(EXERCISE PROMPT)
The answer must consist only of the lines from the line with "Прокладка крышки (GJ3-U778C-00-00)" to the line with "Walkman Grundig komplet", both included, exactly as they stand below.

(DATA FOR THE TASK)
=== Section Start ===

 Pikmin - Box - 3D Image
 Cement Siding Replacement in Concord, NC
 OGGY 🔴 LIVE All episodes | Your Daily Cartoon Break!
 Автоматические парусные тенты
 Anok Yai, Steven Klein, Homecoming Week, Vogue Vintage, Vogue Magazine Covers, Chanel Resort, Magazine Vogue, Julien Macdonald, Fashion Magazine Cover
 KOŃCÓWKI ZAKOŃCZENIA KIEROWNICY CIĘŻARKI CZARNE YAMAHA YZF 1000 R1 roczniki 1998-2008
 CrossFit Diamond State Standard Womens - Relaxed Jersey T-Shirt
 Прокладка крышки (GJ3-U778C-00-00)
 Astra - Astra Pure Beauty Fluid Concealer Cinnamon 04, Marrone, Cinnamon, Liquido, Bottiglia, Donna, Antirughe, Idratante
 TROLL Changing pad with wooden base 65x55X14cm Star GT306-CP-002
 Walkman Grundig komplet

=== Section End ===
=== Section Start ===

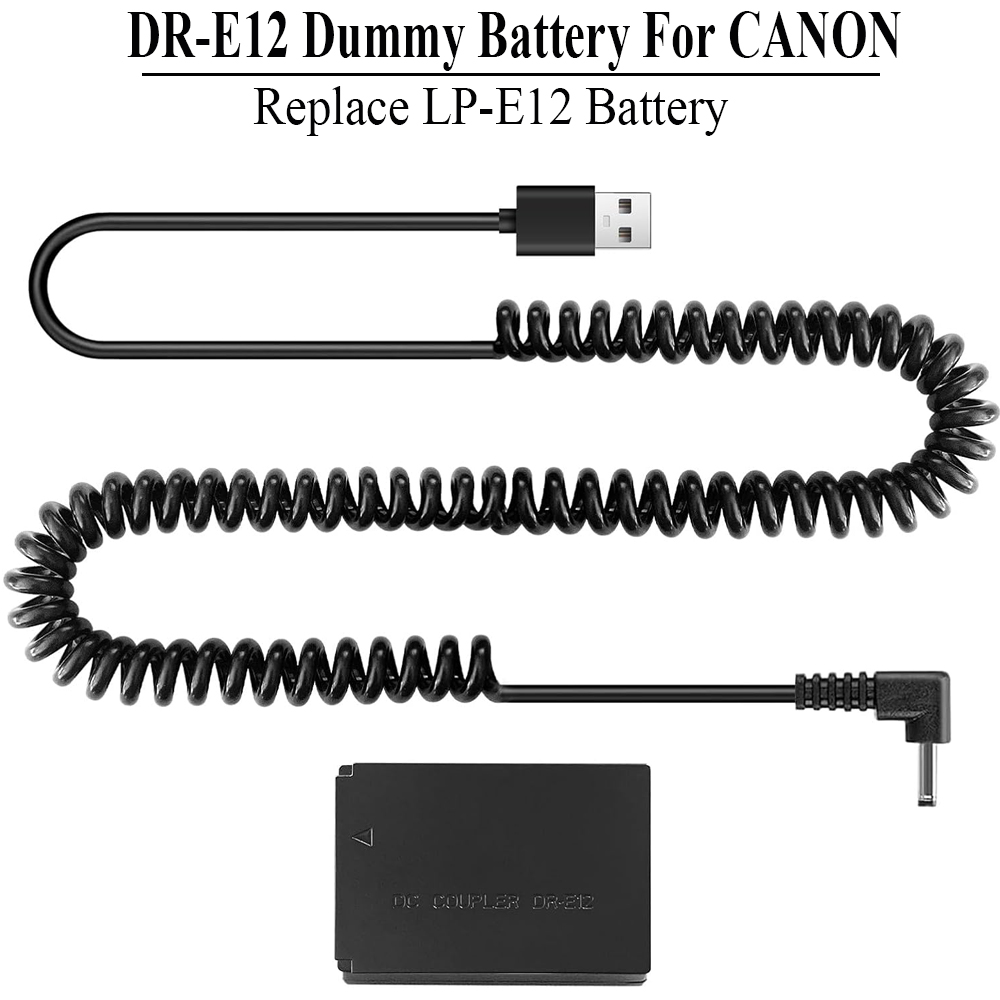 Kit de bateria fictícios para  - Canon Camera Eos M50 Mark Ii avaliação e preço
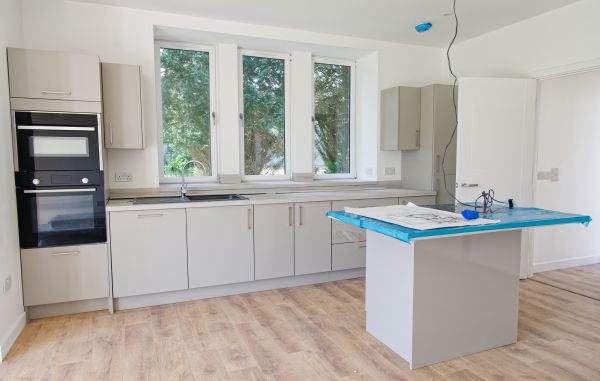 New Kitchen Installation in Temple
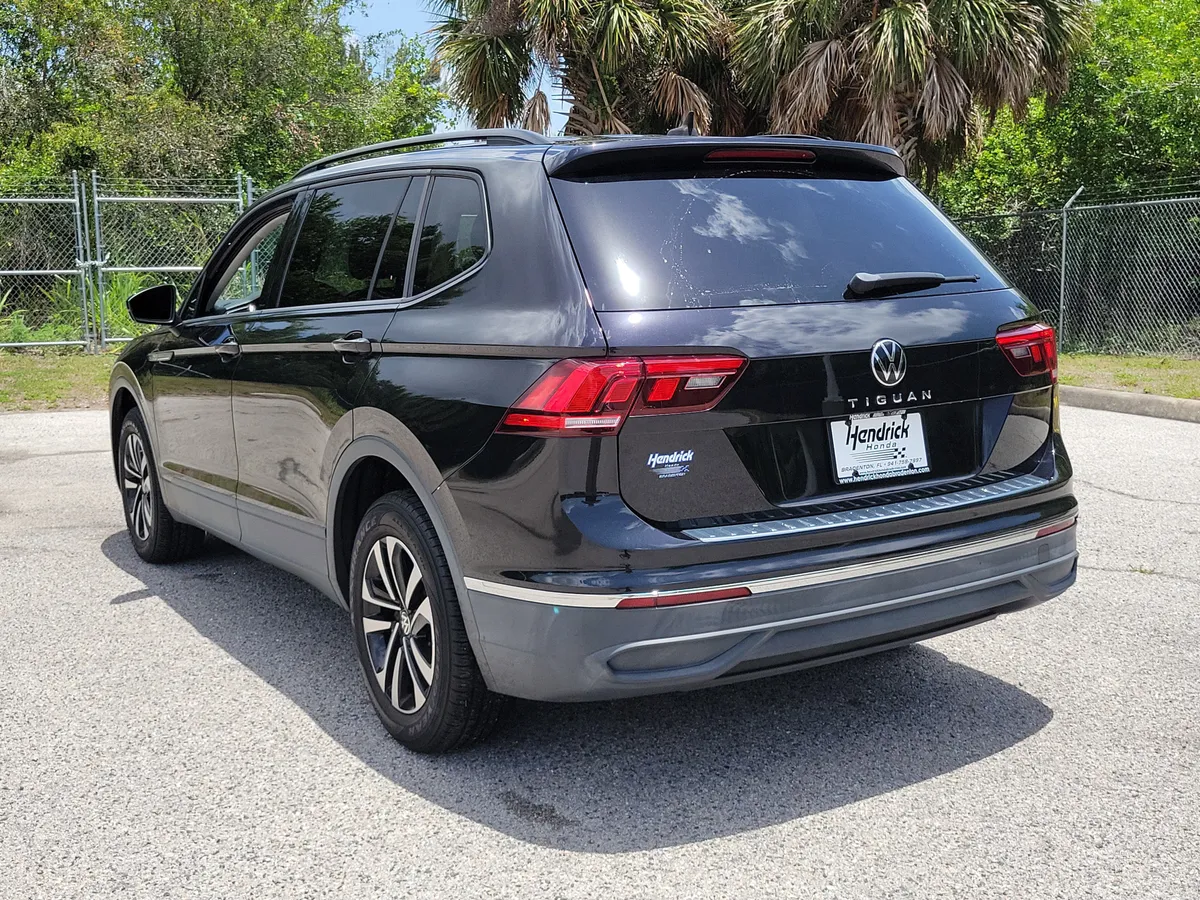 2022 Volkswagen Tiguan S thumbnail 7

=== Section End ===
=== Section Start ===

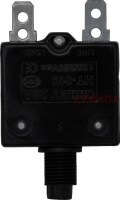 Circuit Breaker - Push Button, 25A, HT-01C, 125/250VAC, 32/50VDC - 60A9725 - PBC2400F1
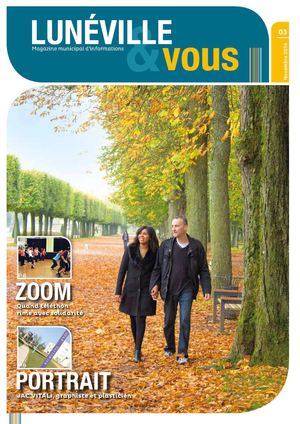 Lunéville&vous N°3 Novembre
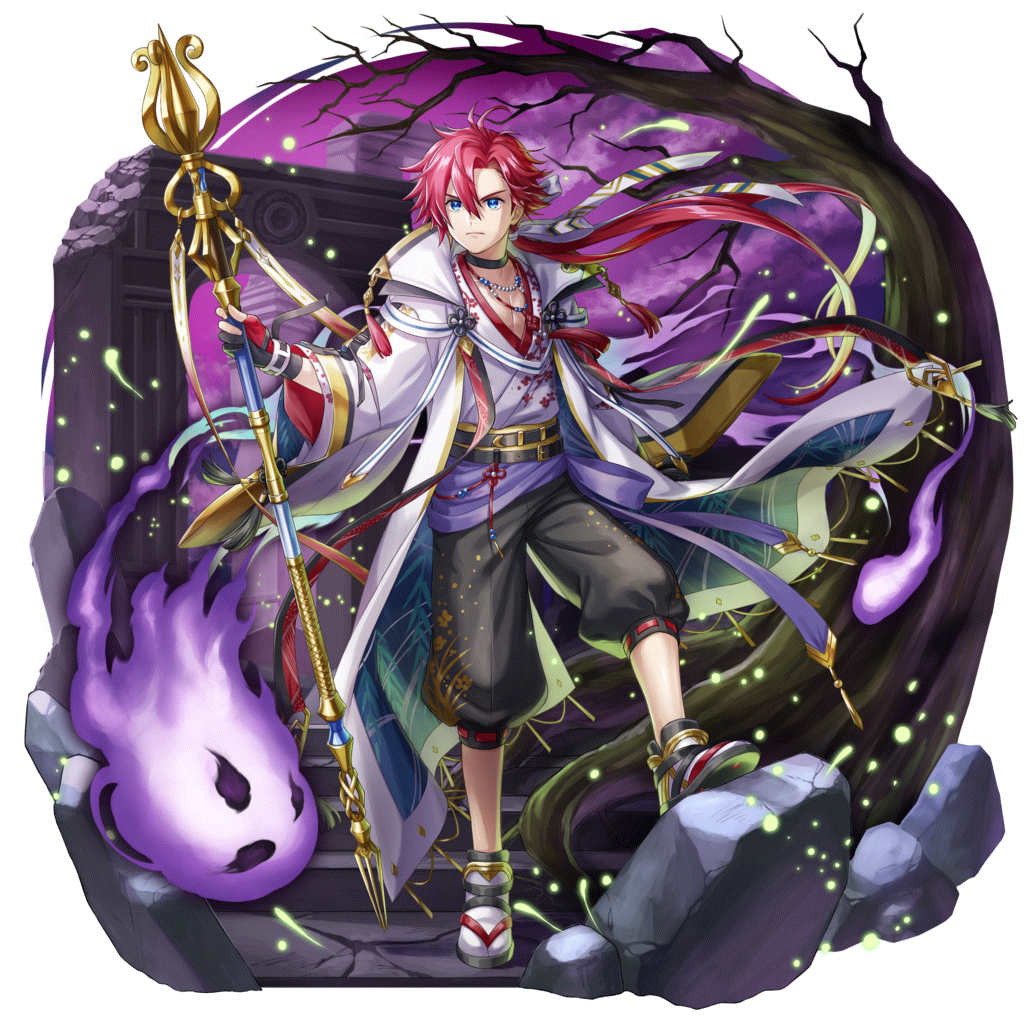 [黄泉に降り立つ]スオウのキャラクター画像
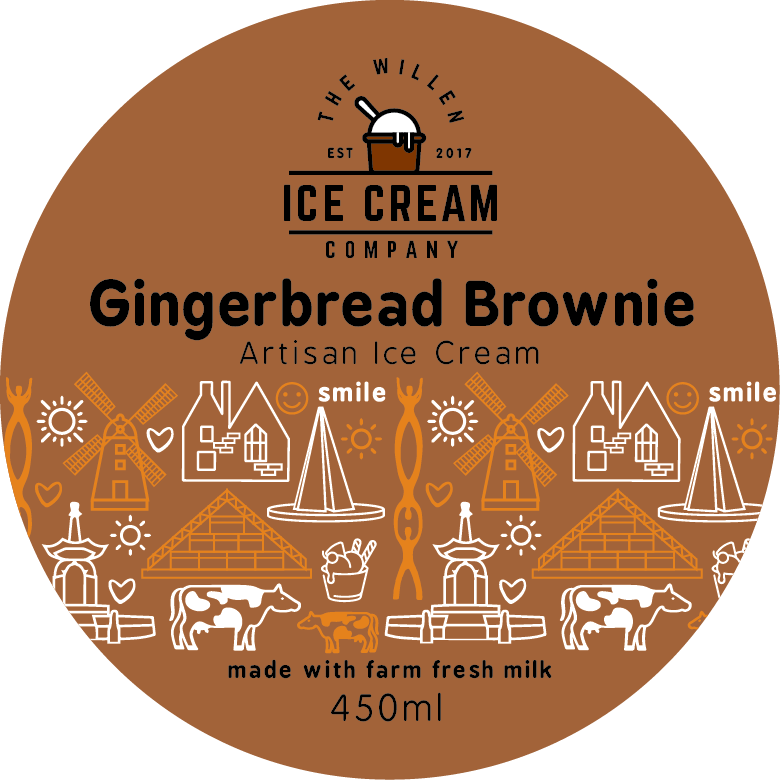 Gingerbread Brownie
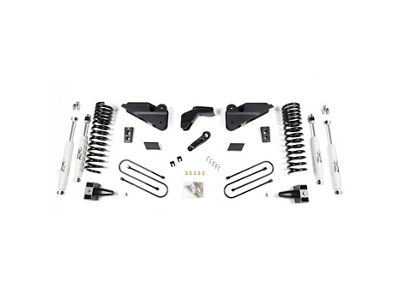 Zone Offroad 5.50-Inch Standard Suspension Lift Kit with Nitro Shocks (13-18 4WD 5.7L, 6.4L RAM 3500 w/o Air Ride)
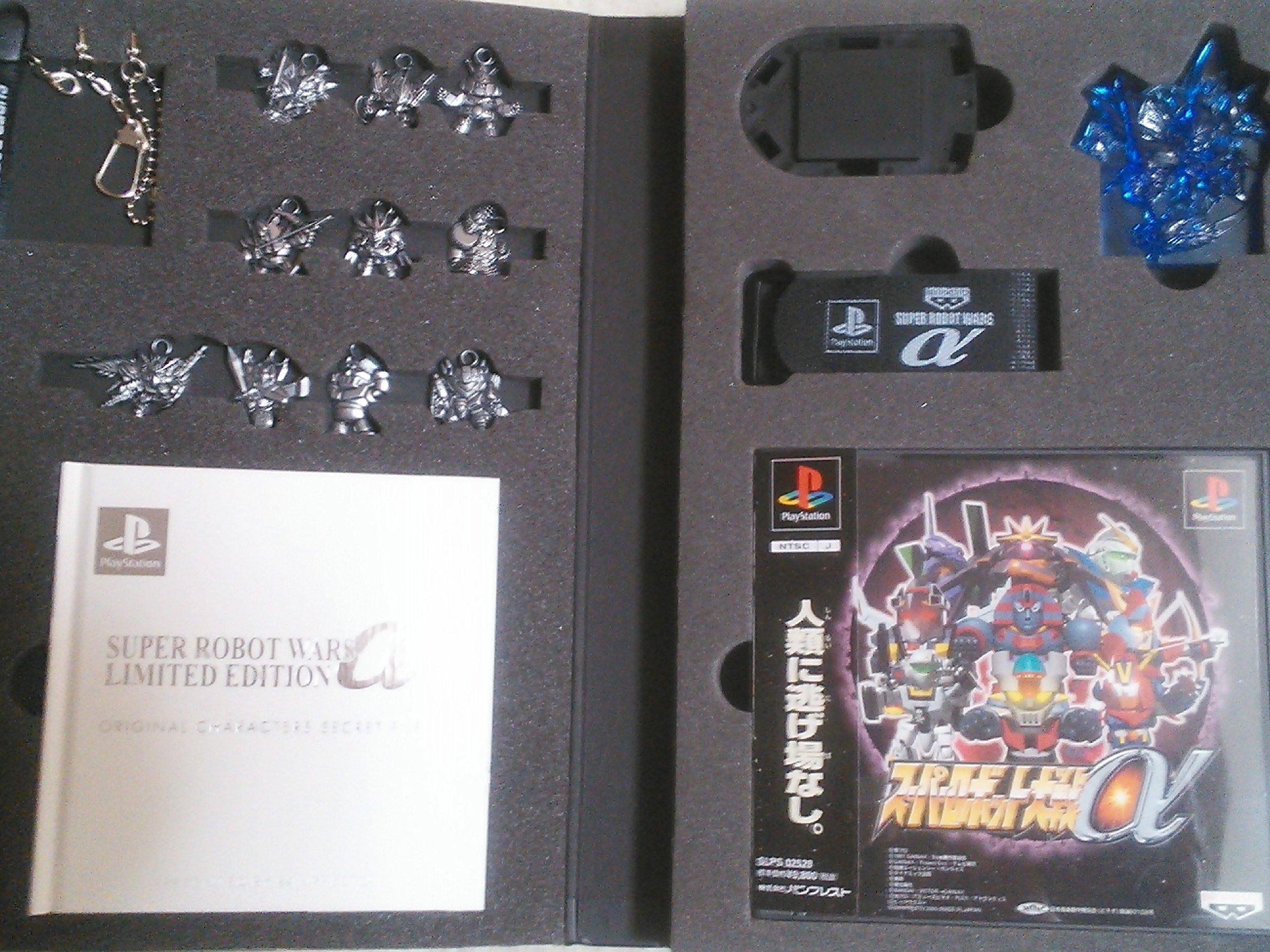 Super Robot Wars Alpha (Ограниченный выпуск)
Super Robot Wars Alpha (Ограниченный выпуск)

=== Section End ===

(SOLUTION TO THIS TASK)
 Прокладка крышки (GJ3-U778C-00-00)
 Astra - Astra Pure Beauty Fluid Concealer Cinnamon 04, Marrone, Cinnamon, Liquido, Bottiglia, Donna, Antirughe, Idratante
 TROLL Changing pad with wooden base 65x55X14cm Star GT306-CP-002
 Walkman Grundig komplet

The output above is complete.